(Supplied entries)
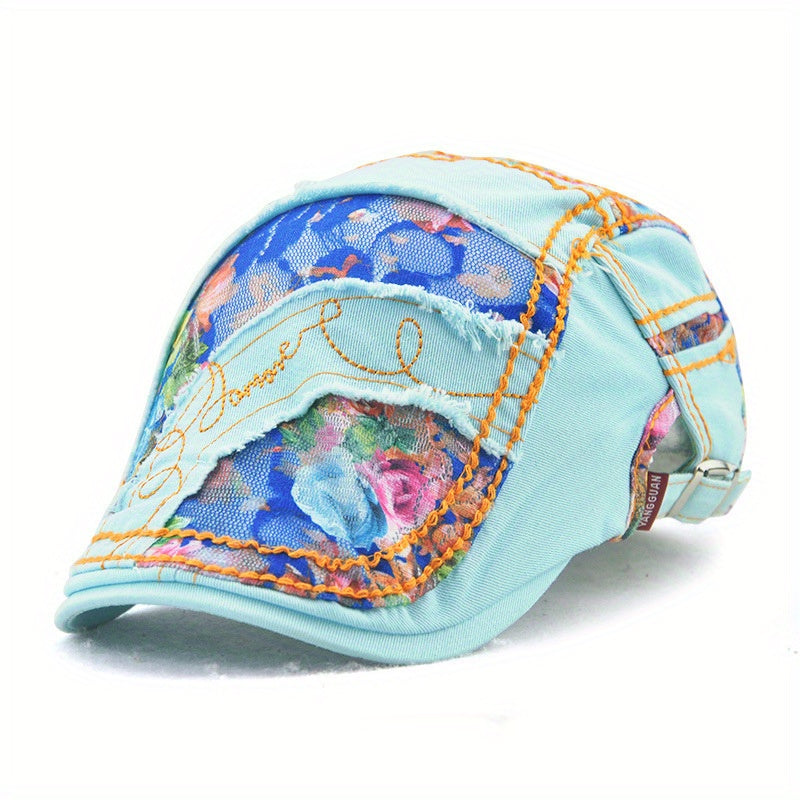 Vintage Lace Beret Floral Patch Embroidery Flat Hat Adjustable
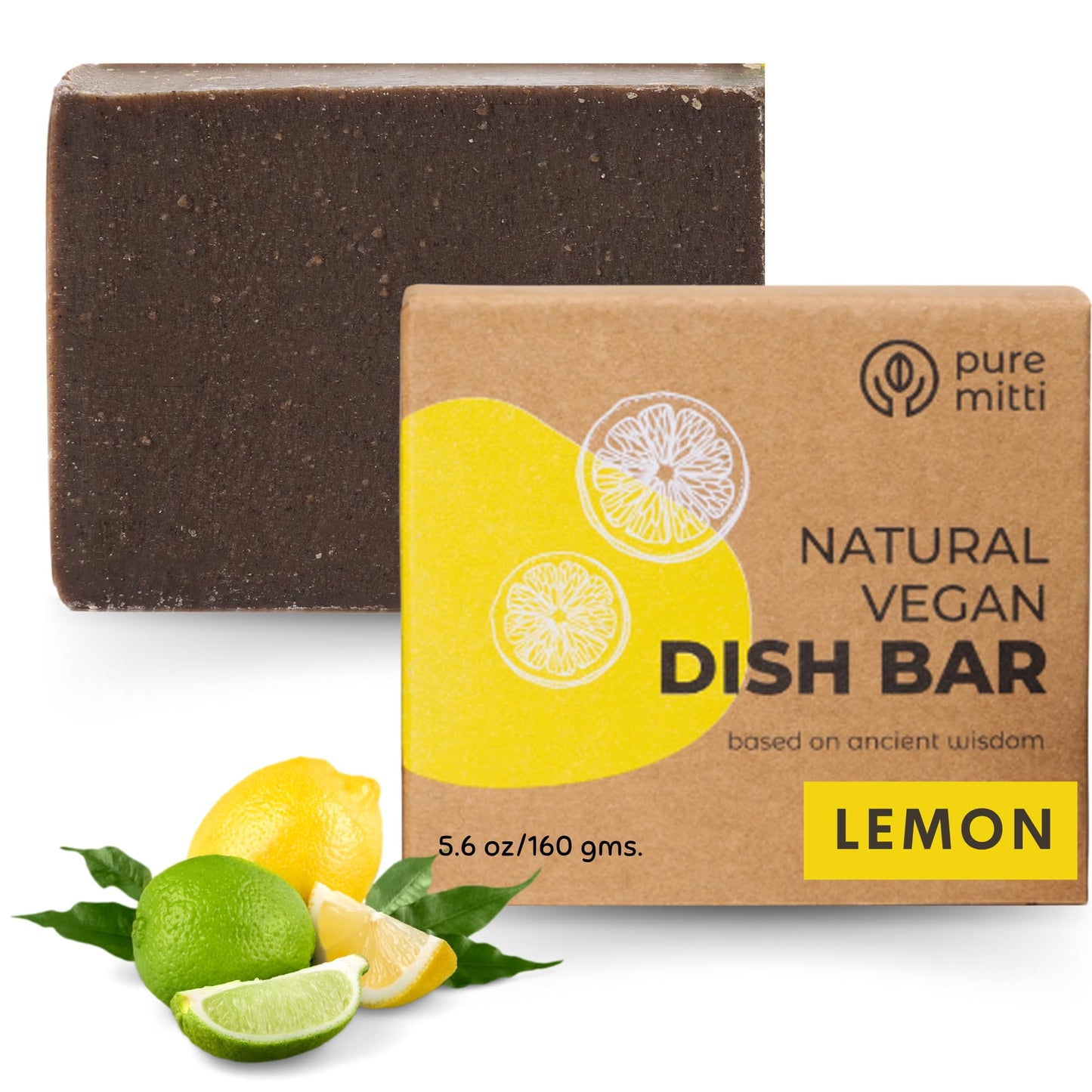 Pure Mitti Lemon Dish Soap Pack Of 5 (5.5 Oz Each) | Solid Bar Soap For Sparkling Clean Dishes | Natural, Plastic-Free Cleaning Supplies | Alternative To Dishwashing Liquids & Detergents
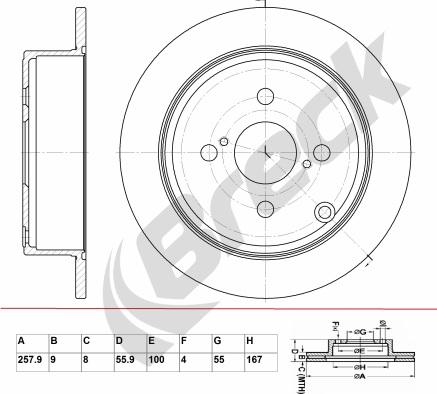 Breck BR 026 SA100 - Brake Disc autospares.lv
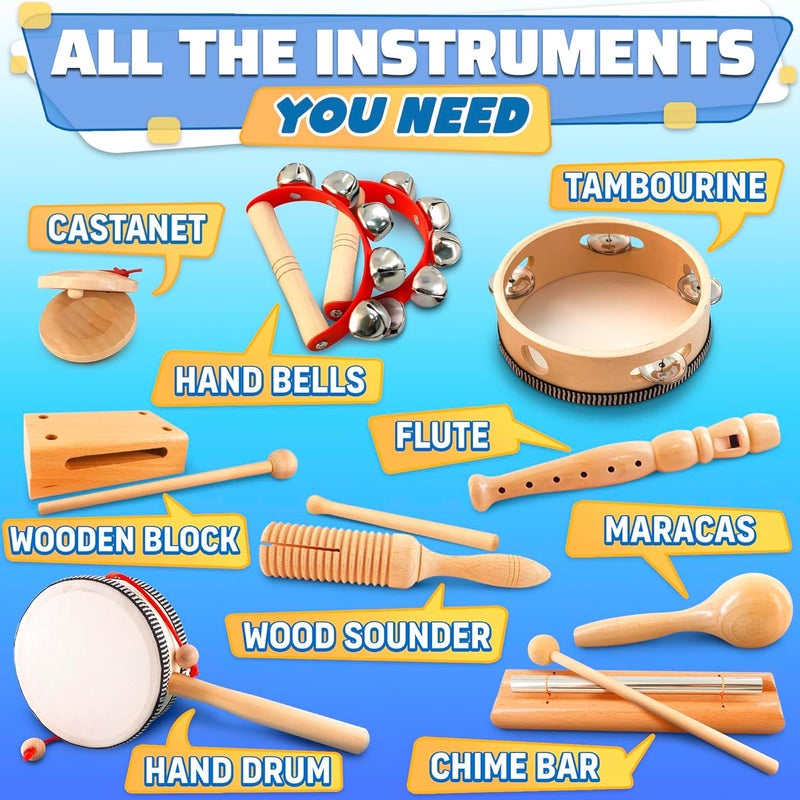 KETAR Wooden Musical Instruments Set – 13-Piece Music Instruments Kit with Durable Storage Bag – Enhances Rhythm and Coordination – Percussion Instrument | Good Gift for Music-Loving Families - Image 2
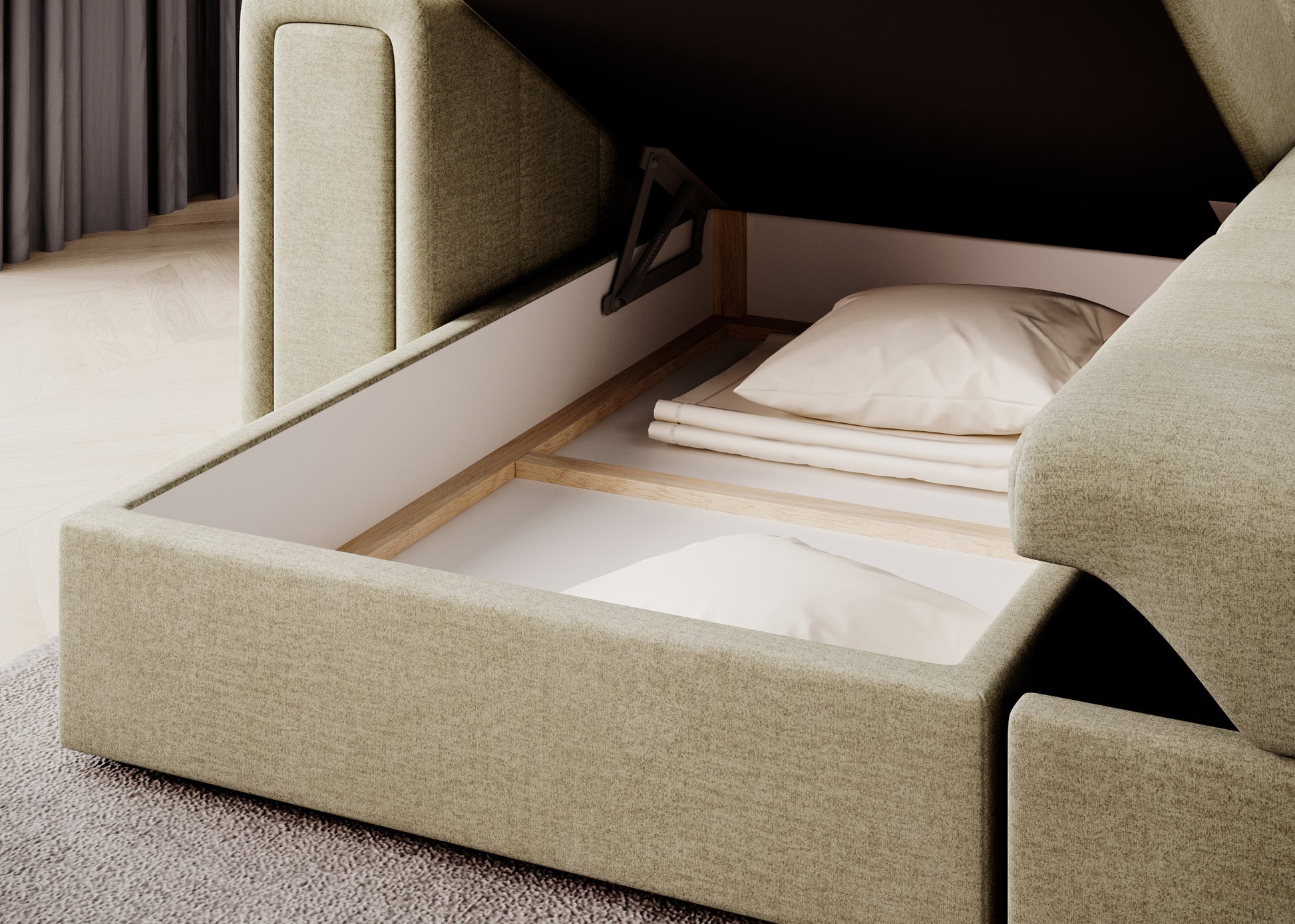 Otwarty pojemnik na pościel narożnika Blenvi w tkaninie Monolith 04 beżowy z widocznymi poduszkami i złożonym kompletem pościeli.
(End Supplied entries)
» **Your task**: Everything from the first line of the records through the line containing "Breck BR 026" should be reproduced exactly, apart from the pictures.

» **Answer below**:
 Vintage Lace Beret Floral Patch Embroidery Flat Hat Adjustable
 Pure Mitti Lemon Dish Soap Pack Of 5 (5.5 Oz Each) | Solid Bar Soap For Sparkling Clean Dishes | Natural, Plastic-Free Cleaning Supplies | Alternative To Dishwashing Liquids & Detergents
 Breck BR 026 SA100 - Brake Disc autospares.lv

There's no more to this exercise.